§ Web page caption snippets
-------

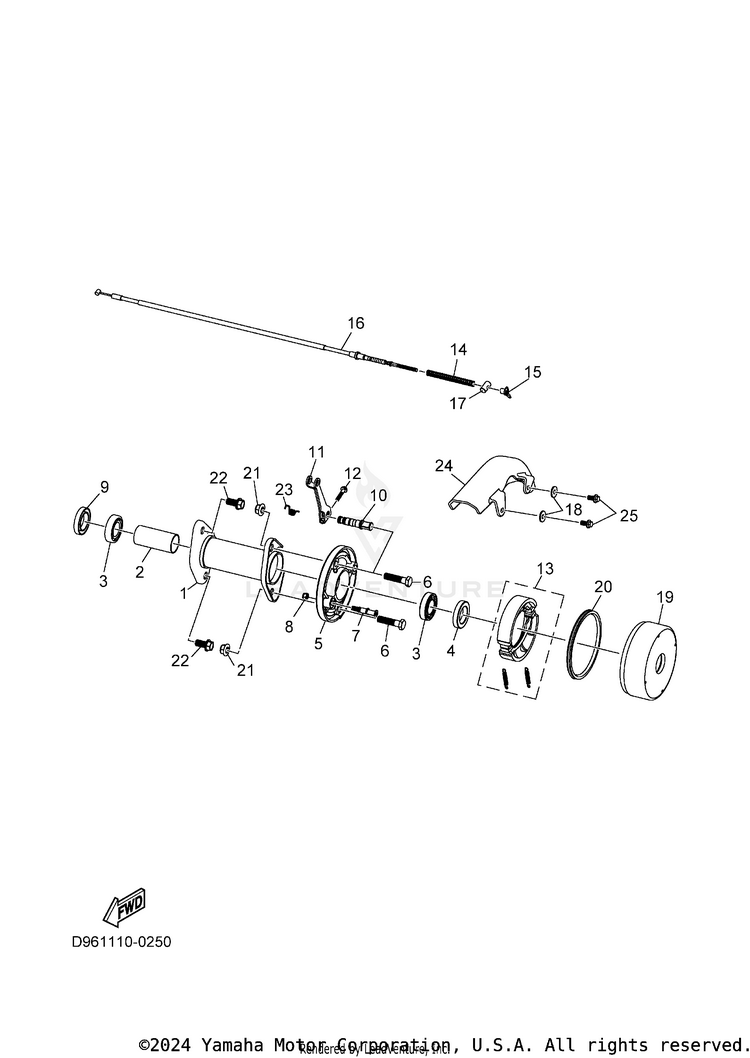 Rear Brake GRIZZLY 110 - YFM01GYXTG - 2026 Schematic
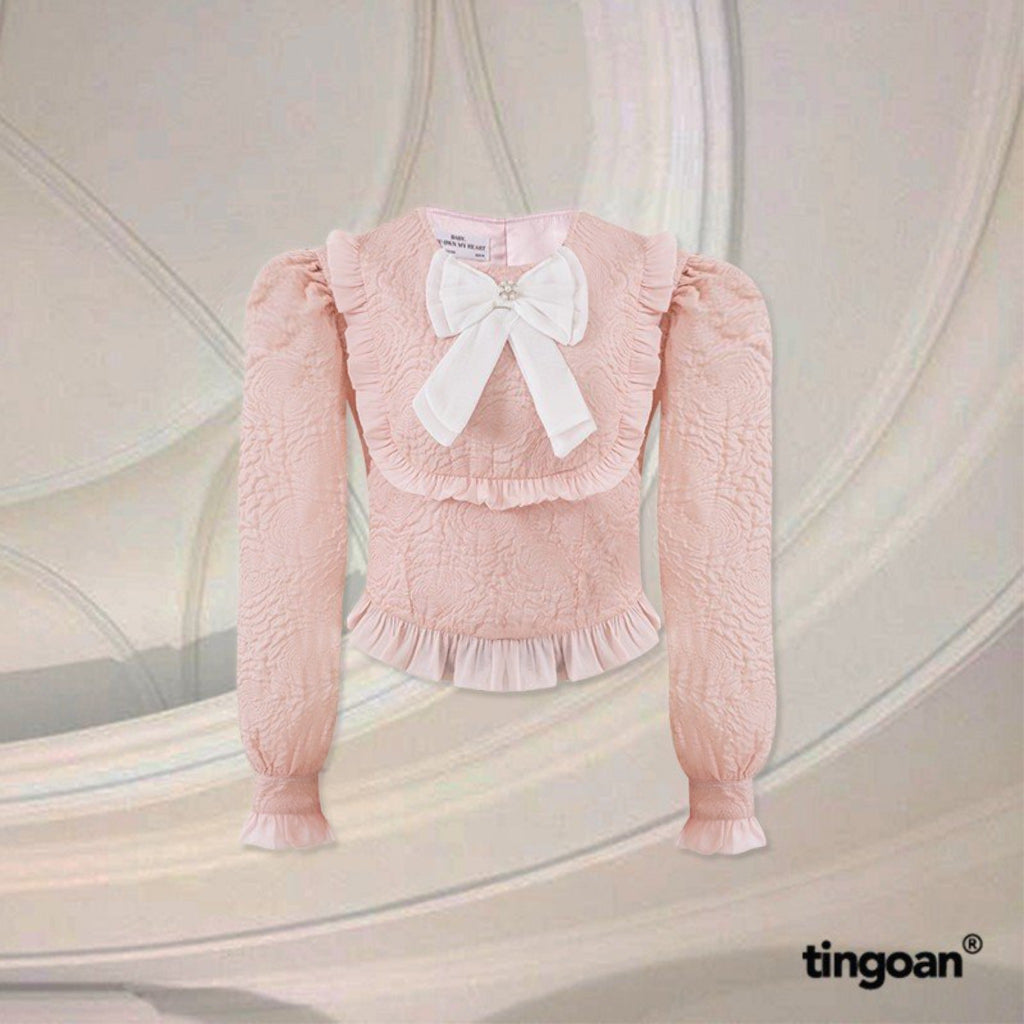 TINGOAN® - Pink round neck shirt with bow and jade buttons CANDY YUMYUM TOP/PK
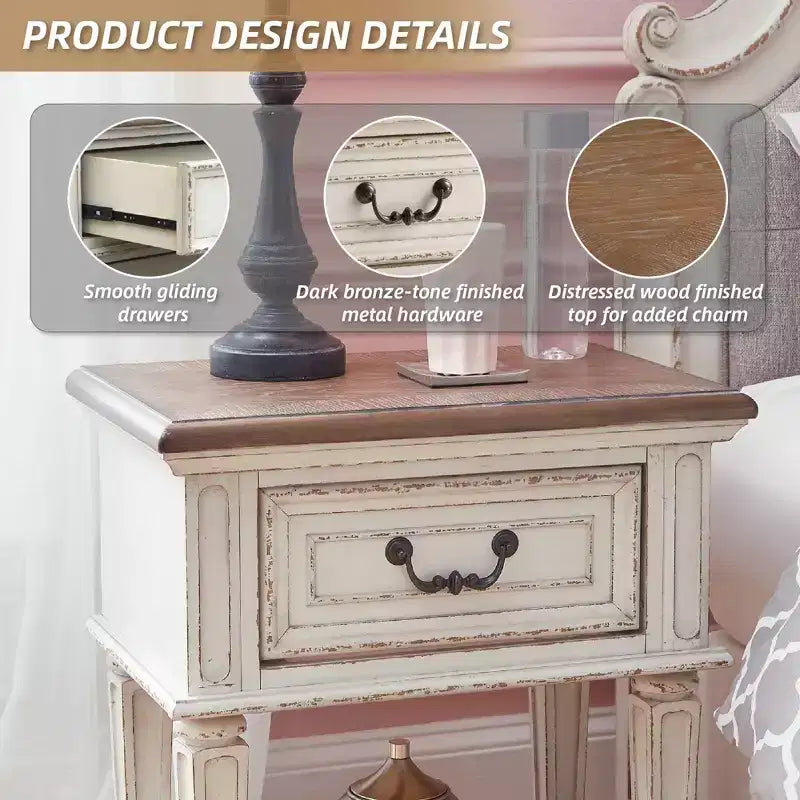 One Drawer Nightstand Chipped White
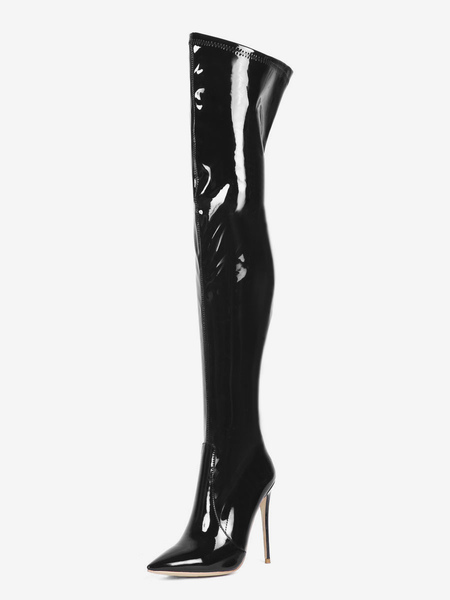 Image of Stivali sopra il ginocchio Stivali alti alla coscia in pelle nera a punta con tacco a spillo in pelle nera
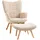 Homcom Ohrensessel Cord-Optik mit Hocker 72 x 101 x 40 cm Beige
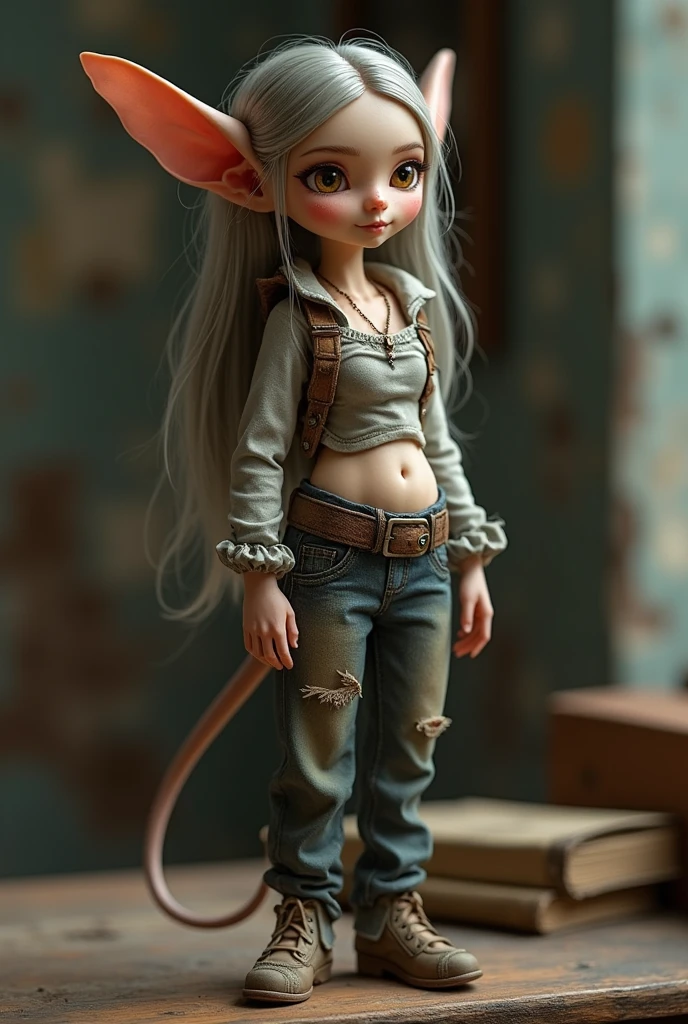 A small adult woman, 20cm tall, with long slender elf-like ears and a tail, adult face, normal sized head, adult body, medium breasts and curvy hips, wearing tattered clothes, standing on top of a desk, in a realistic photographic style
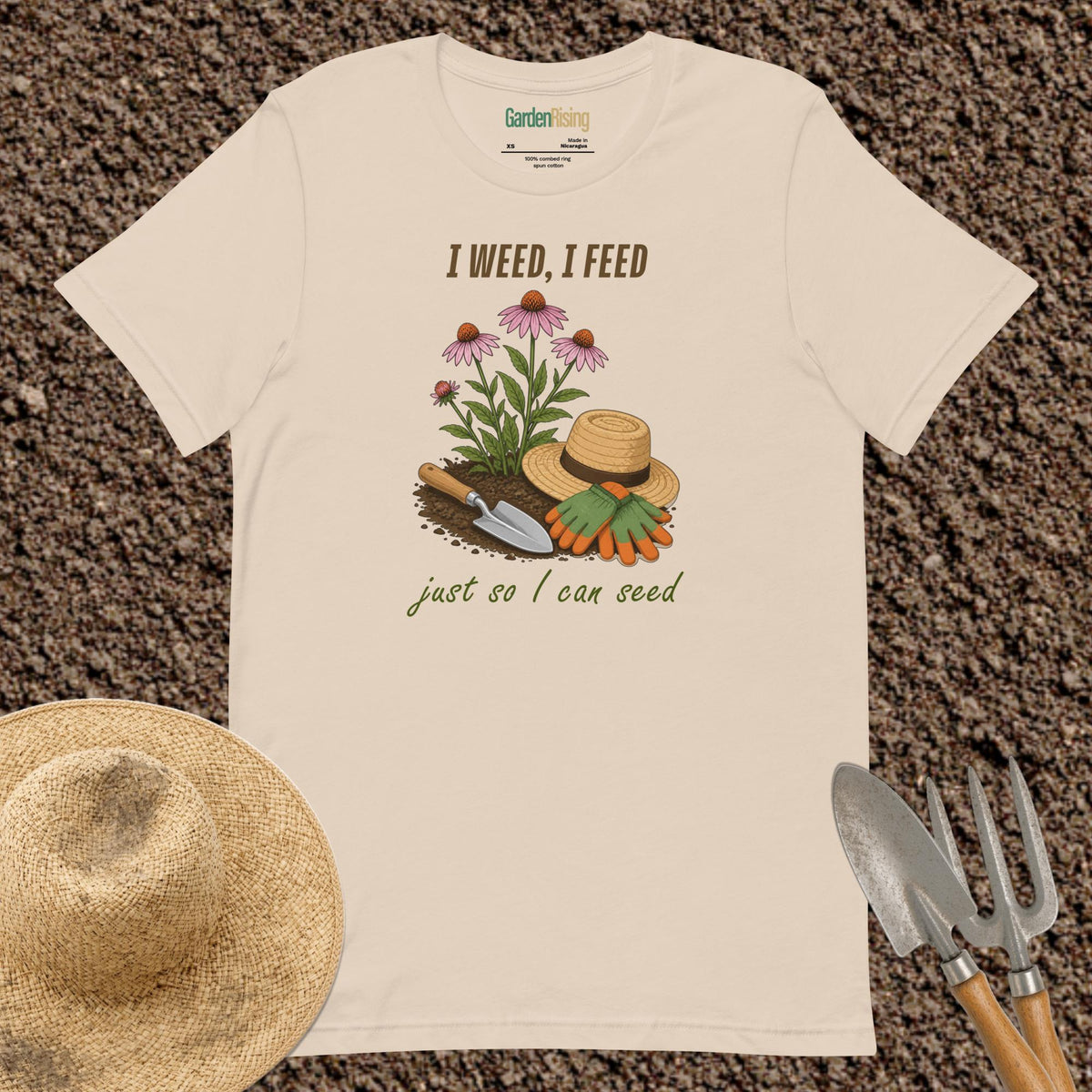 I weed, I feed garden t-shirt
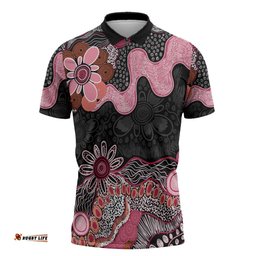 Australia NAIDOC Week 2026 Zipper Polo Shirt Aboriginal Contemporary Art LT7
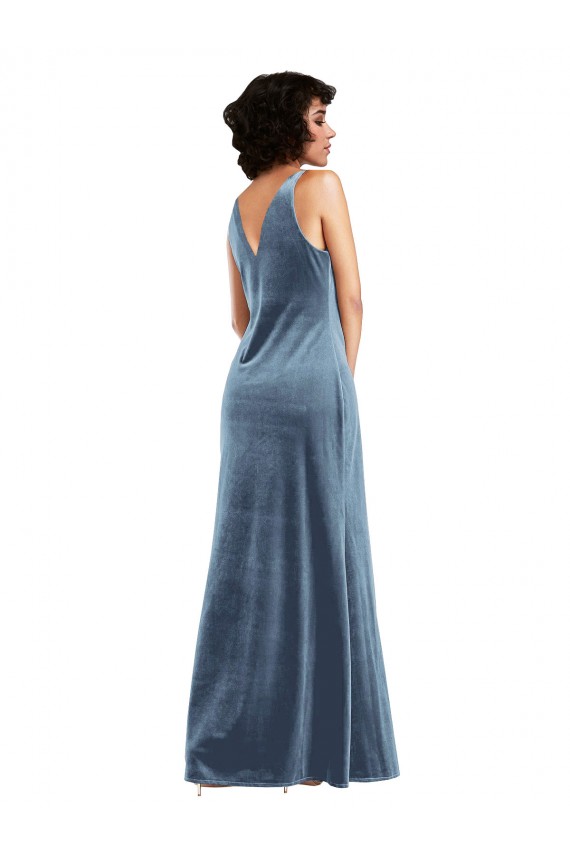 Sleeveless Dusty Blue V-Back Sheath Cowl Neck Evening Dress / Bridesmaid Dress Lincoln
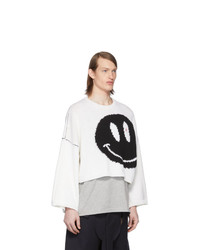 weißer und schwarzer bedruckter Pullover mit einem Rundhalsausschnitt von Raf Simons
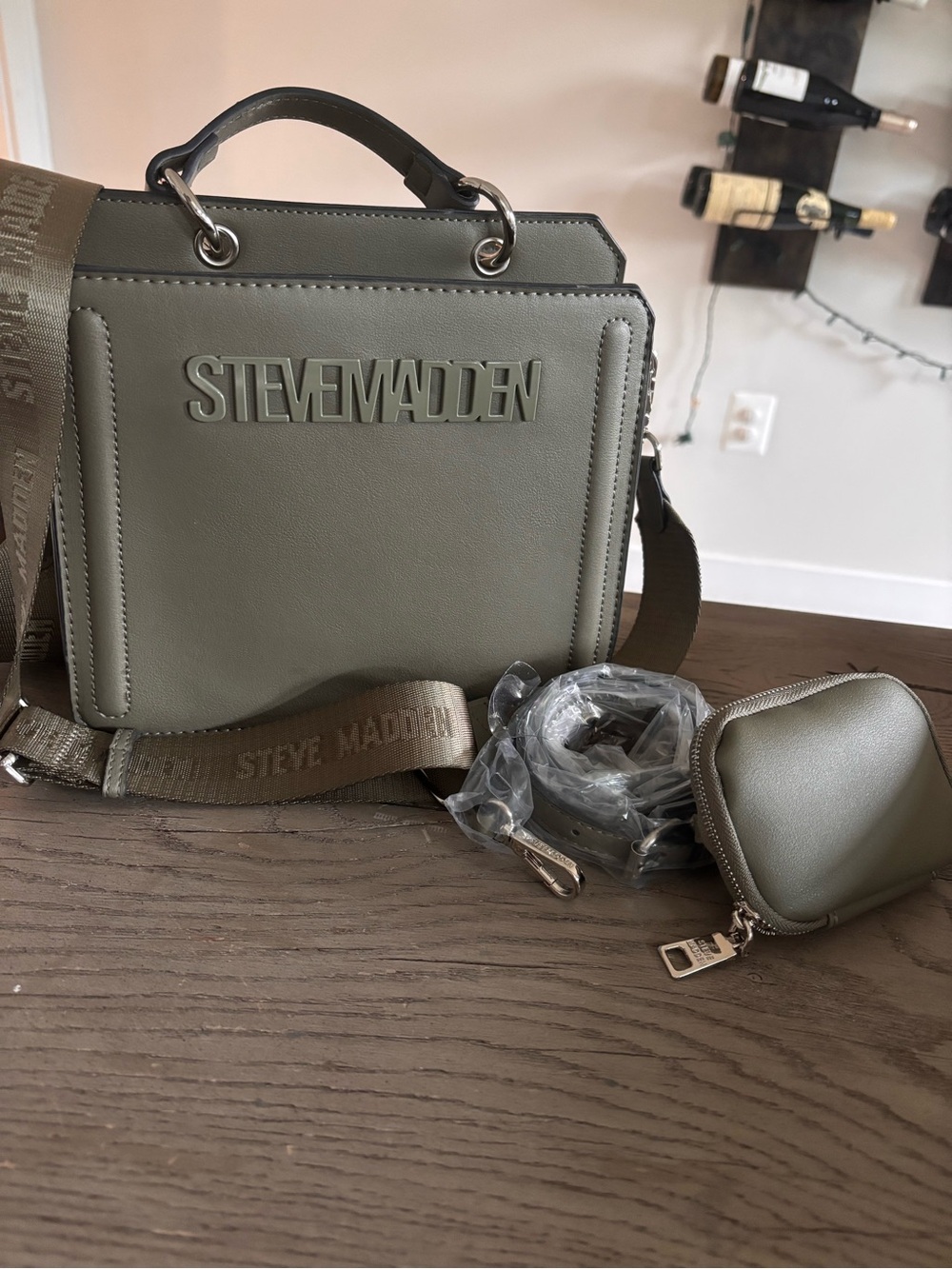 Steve Madden Olive Messenger Bag with Detachable Logo Strap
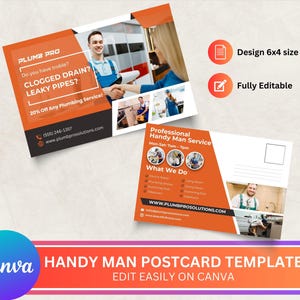 Handyman Postkarte, Handyman Vorlage bearbeitbar, DIY Canva Postkarte Vorlage, Klempner Postkarte, Canva Vorlagen, Postkartendesign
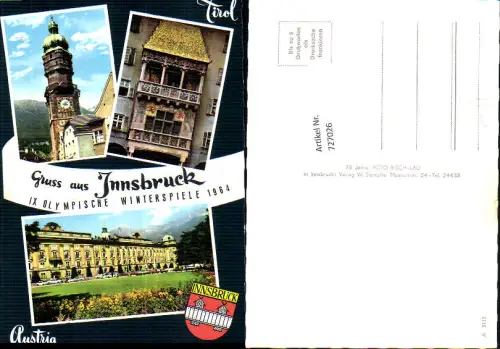 727026 Mehrbild AK Innsbruck IX Olympische Winterspiele 1964 Goldenes Dachl Bez. Innsbruck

-------

§ Exercise goal
Please repeat, exactly as written, only the lines from the line with "TINGOAN® - Pink" to the end of the data, leaving out every picture.

§ Task response
 TINGOAN® - Pink round neck shirt with bow and jade buttons CANDY YUMYUM TOP/PK
 One Drawer Nightstand Chipped White
 Image of Stivali sopra il ginocchio Stivali alti alla coscia in pelle nera a punta con tacco a spillo in pelle nera
 Homcom Ohrensessel Cord-Optik mit Hocker 72 x 101 x 40 cm Beige
 A small adult woman, 20cm tall, with long slender elf-like ears and a tail, adult face, normal sized head, adult body, medium breasts and curvy hips, wearing tattered clothes, standing on top of a desk, in a realistic photographic style
 I weed, I feed garden t-shirt
 Australia NAIDOC Week 2026 Zipper Polo Shirt Aboriginal Contemporary Art LT7
 Sleeveless Dusty Blue V-Back Sheath Cowl Neck Evening Dress / Bridesmaid Dress Lincoln
 weißer und schwarzer bedruckter Pullover mit einem Rundhalsausschnitt von Raf Simons
 Steve Madden Olive Messenger Bag with Detachable Logo Strap
 Handyman Postkarte, Handyman Vorlage bearbeitbar, DIY Canva Postkarte Vorlage, Klempner Postkarte, Canva Vorlagen, Postkartendesign
 727026 Mehrbild AK Innsbruck IX Olympische Winterspiele 1964 Goldenes Dachl Bez. Innsbruck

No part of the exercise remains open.